▸ TASK TO CARRY OUT:
Every record must be repeated precisely as it stands.

▸ Stored items:
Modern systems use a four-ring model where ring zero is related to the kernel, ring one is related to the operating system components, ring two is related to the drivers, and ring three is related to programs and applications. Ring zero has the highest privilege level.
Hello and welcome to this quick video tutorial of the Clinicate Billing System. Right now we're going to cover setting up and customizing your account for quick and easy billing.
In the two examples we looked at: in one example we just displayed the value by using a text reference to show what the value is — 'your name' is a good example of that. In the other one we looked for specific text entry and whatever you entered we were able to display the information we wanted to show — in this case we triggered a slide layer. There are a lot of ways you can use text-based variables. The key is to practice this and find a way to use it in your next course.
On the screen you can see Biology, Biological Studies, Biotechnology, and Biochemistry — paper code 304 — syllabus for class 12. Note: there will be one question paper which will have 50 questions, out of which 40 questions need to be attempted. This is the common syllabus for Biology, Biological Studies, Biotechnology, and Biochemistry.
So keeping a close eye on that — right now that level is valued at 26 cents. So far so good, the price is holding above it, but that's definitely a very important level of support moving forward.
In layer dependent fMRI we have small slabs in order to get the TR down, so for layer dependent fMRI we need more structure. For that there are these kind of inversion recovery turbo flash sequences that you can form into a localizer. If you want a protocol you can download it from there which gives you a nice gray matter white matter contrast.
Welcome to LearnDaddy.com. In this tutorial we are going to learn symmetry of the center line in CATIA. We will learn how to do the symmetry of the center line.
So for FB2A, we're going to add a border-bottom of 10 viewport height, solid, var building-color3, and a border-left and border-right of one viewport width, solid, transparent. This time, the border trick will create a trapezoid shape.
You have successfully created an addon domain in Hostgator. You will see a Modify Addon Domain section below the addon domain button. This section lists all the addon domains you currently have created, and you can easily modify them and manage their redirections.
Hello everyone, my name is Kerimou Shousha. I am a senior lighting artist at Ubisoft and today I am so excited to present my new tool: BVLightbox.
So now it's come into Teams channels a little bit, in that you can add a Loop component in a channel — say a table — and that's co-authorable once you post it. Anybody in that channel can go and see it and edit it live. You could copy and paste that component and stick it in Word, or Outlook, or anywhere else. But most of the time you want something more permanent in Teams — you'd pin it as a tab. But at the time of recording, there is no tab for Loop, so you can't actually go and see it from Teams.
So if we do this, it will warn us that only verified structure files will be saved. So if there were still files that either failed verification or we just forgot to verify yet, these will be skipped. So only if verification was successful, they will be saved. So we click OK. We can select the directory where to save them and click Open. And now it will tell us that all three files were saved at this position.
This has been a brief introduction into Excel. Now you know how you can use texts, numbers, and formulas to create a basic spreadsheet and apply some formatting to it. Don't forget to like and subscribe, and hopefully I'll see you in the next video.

▸ SOLUTION TO THIS PROBLEM:
Modern systems use a four-ring model where ring zero is related to the kernel, ring one is related to the operating system components, ring two is related to the drivers, and ring three is related to programs and applications. Ring zero has the highest privilege level.
Hello and welcome to this quick video tutorial of the Clinicate Billing System. Right now we're going to cover setting up and customizing your account for quick and easy billing.
In the two examples we looked at: in one example we just displayed the value by using a text reference to show what the value is — 'your name' is a good example of that. In the other one we looked for specific text entry and whatever you entered we were able to display the information we wanted to show — in this case we triggered a slide layer. There are a lot of ways you can use text-based variables. The key is to practice this and find a way to use it in your next course.
On the screen you can see Biology, Biological Studies, Biotechnology, and Biochemistry — paper code 304 — syllabus for class 12. Note: there will be one question paper which will have 50 questions, out of which 40 questions need to be attempted. This is the common syllabus for Biology, Biological Studies, Biotechnology, and Biochemistry.
So keeping a close eye on that — right now that level is valued at 26 cents. So far so good, the price is holding above it, but that's definitely a very important level of support moving forward.
In layer dependent fMRI we have small slabs in order to get the TR down, so for layer dependent fMRI we need more structure. For that there are these kind of inversion recovery turbo flash sequences that you can form into a localizer. If you want a protocol you can download it from there which gives you a nice gray matter white matter contrast.
Welcome to LearnDaddy.com. In this tutorial we are going to learn symmetry of the center line in CATIA. We will learn how to do the symmetry of the center line.
So for FB2A, we're going to add a border-bottom of 10 viewport height, solid, var building-color3, and a border-left and border-right of one viewport width, solid, transparent. This time, the border trick will create a trapezoid shape.
You have successfully created an addon domain in Hostgator. You will see a Modify Addon Domain section below the addon domain button. This section lists all the addon domains you currently have created, and you can easily modify them and manage their redirections.
Hello everyone, my name is Kerimou Shousha. I am a senior lighting artist at Ubisoft and today I am so excited to present my new tool: BVLightbox.
So now it's come into Teams channels a little bit, in that you can add a Loop component in a channel — say a table — and that's co-authorable once you post it. Anybody in that channel can go and see it and edit it live. You could copy and paste that component and stick it in Word, or Outlook, or anywhere else. But most of the time you want something more permanent in Teams — you'd pin it as a tab. But at the time of recording, there is no tab for Loop, so you can't actually go and see it from Teams.
So if we do this, it will warn us that only verified structure files will be saved. So if there were still files that either failed verification or we just forgot to verify yet, these will be skipped. So only if verification was successful, they will be saved. So we click OK. We can select the directory where to save them and click Open. And now it will tell us that all three files were saved at this position.
This has been a brief introduction into Excel. Now you know how you can use texts, numbers, and formulas to create a basic spreadsheet and apply some formatting to it. Don't forget to like and subscribe, and hopefully I'll see you in the next video.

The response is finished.